* _TASK DESCRIPTION_: Using the records below, give again exactly the lines from the line that contains "Bài tập Hình" through the line that contains "LEGO White Slope", both ends included, and only those.

* _DATASET CONTENT_:
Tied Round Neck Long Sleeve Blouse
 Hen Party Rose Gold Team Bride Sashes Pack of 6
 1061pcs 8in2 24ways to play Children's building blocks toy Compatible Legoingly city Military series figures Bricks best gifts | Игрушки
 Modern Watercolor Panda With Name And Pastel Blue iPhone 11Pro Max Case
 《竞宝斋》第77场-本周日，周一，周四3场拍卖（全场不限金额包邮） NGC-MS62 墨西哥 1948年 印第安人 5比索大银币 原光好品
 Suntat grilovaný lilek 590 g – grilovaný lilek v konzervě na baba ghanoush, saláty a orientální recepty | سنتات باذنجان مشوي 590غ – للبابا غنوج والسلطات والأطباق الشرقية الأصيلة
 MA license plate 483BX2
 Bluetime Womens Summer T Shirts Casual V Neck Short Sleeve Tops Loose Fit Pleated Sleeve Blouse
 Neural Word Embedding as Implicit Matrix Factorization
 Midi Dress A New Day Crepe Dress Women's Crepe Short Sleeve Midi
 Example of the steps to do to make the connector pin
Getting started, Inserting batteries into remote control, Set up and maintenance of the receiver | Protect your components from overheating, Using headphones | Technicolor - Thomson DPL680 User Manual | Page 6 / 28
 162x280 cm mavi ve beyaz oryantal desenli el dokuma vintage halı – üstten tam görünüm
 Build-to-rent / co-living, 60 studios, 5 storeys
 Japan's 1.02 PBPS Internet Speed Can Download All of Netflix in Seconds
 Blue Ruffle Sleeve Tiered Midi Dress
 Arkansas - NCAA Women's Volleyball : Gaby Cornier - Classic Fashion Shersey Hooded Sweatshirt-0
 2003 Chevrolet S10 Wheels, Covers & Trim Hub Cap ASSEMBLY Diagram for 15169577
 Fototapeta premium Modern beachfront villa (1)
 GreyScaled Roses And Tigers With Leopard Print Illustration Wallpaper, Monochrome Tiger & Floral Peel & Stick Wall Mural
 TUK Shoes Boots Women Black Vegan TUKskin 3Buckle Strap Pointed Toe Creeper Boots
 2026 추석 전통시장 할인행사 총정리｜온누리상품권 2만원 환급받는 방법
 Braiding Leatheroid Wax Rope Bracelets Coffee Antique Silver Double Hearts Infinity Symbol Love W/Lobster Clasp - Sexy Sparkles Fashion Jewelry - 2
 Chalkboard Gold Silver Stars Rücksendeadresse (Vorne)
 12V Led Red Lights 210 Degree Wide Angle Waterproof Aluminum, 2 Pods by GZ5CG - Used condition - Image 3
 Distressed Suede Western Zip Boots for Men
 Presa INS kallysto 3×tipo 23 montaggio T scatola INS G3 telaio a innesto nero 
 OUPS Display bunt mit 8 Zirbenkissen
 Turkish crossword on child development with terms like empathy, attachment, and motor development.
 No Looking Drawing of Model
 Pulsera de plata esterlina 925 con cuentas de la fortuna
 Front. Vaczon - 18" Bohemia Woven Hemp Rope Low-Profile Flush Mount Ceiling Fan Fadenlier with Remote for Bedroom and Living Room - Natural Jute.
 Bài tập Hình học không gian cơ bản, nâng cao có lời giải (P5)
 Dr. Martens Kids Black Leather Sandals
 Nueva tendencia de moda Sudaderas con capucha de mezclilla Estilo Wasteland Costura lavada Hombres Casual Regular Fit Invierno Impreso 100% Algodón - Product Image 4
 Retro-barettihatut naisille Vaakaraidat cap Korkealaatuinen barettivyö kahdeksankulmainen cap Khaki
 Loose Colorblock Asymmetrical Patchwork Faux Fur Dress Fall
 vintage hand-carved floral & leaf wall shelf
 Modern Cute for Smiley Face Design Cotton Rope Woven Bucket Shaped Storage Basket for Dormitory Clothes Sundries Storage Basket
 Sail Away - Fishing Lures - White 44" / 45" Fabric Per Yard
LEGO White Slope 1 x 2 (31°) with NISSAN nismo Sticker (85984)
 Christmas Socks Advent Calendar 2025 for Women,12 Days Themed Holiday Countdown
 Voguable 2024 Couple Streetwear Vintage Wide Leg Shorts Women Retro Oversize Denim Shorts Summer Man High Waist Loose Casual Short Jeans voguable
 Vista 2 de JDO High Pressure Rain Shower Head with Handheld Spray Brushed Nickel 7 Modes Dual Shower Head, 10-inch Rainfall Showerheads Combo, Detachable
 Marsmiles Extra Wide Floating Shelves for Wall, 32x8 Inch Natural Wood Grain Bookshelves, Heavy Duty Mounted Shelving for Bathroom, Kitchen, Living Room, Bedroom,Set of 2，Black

* _SOLUTION TO THIS TASK_:
 Bài tập Hình học không gian cơ bản, nâng cao có lời giải (P5)
 Dr. Martens Kids Black Leather Sandals
 Nueva tendencia de moda Sudaderas con capucha de mezclilla Estilo Wasteland Costura lavada Hombres Casual Regular Fit Invierno Impreso 100% Algodón - Product Image 4
 Retro-barettihatut naisille Vaakaraidat cap Korkealaatuinen barettivyö kahdeksankulmainen cap Khaki
 Loose Colorblock Asymmetrical Patchwork Faux Fur Dress Fall
 vintage hand-carved floral & leaf wall shelf
 Modern Cute for Smiley Face Design Cotton Rope Woven Bucket Shaped Storage Basket for Dormitory Clothes Sundries Storage Basket
 Sail Away - Fishing Lures - White 44" / 45" Fabric Per Yard
LEGO White Slope 1 x 2 (31°) with NISSAN nismo Sticker (85984)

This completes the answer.